Ho imparato ad accettare mio padre, lo rispetto. Deve aver avuto vitaccia. Ho imparato a volergli bene. Ho accettato il suo essere stato padre e il suo non essere stato una figura paterna. Non mi sento in diritto in giudicarlo per questo.
Certo che è un peccato, chissà magari avrei avuto una vita diversa se fosse stato un papà diverso. Sarei una persona diversa. Avrei un maggior attaccamento per la mia famiglia se fosse stato un padre e - per quanto ne possa sapere - un marito migliore.
È finito il funerale.
Ho giocato il gioco dell'ipocrisia stringendo mani di persone a cui non interessa la mia esistenza.
Ho abbracciato mia mamma.
Ho accettato le condoglianze di coloro che me le hanno porse per pulirsi la coscienza.
Ho apprezzato la sincerità di amici e conoscenti.
Ho visto mia nonna, novantasette anni, incapace di muoversi, di parlare, invecchiata di decenni negli ultimi giorni, conscia di essere sopravvissuta all'ultimo dei suoi figli. stufa di vivere.
Mio papà lo hanno cremato. Dicevano che se no era un casino aprire la tomba di famiglia troppo spesso e che poi non c'era spazio abbastanza.
Che mio papà adesso non ci sia più, non provocherà un cambiamento radicale nella mia vita. È orribile da dire, ma cosa cambia? Andrò lo stesso a lavorare, andrò comunque in bici, mi divertirò e avrò gli stessi problemi e pensieri di prima.
Quanto si è destinati a diventare come il proprio padre? Nei comportamenti, negli atteggiamenti, nel carattere, nei fallimenti, quanto sarò come lui senza che io lo voglia? Non voglio "somigliare" a lui e ho paura di non poterci fare nulla. Ho paura di rispecchiarmi in lui, di essere come lui durante la mia vita, nei miei rapporti con gli altri, con RT.

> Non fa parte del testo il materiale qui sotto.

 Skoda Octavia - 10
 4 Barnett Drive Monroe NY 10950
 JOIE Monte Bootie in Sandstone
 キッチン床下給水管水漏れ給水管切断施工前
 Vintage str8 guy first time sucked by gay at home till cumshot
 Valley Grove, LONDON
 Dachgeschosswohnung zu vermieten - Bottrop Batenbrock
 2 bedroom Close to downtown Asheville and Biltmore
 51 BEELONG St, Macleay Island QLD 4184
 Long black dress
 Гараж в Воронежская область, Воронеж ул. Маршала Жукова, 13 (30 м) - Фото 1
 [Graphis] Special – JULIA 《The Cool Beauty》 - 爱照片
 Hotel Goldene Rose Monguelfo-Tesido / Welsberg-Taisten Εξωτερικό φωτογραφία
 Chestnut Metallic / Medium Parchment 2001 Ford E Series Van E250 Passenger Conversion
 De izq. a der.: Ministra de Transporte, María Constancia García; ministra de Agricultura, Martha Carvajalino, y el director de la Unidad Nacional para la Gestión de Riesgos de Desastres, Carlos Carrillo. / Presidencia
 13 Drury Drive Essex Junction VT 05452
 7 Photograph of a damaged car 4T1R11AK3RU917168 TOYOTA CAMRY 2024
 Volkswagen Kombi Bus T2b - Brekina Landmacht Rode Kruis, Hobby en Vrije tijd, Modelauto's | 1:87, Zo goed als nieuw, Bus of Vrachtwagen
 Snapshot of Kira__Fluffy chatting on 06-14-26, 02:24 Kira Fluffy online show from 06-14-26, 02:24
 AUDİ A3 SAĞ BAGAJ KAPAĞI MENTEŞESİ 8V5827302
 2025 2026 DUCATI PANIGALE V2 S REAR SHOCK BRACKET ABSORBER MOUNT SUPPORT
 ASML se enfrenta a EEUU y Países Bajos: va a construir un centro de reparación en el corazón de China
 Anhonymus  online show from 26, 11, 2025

Poco male comunque, sono l'ultimo della mia famiglia, questo ramo genealogico si estinguerà con me, non ci sarà chi farà ragionamenti di questo tipo su di me.
È un po' di giorni che scrivo questo "sfogo", o dicesi "seghe mentali". Sono in una situazione di stasi: elaboro la cosa mentre altre cose accadono, i giorni passano, i pensieri fluiscono, mutano, prendono direzioni diverse. Altre faccende richiamano l'attenzione, cerco rifugio andando in bici, passando tempo con RT e il cane Marlon. Anche perché per intanto non posso fare altro che seguire il corso delle cose e aspettare. E allora aspetto.
Aspetto.
Aspetto.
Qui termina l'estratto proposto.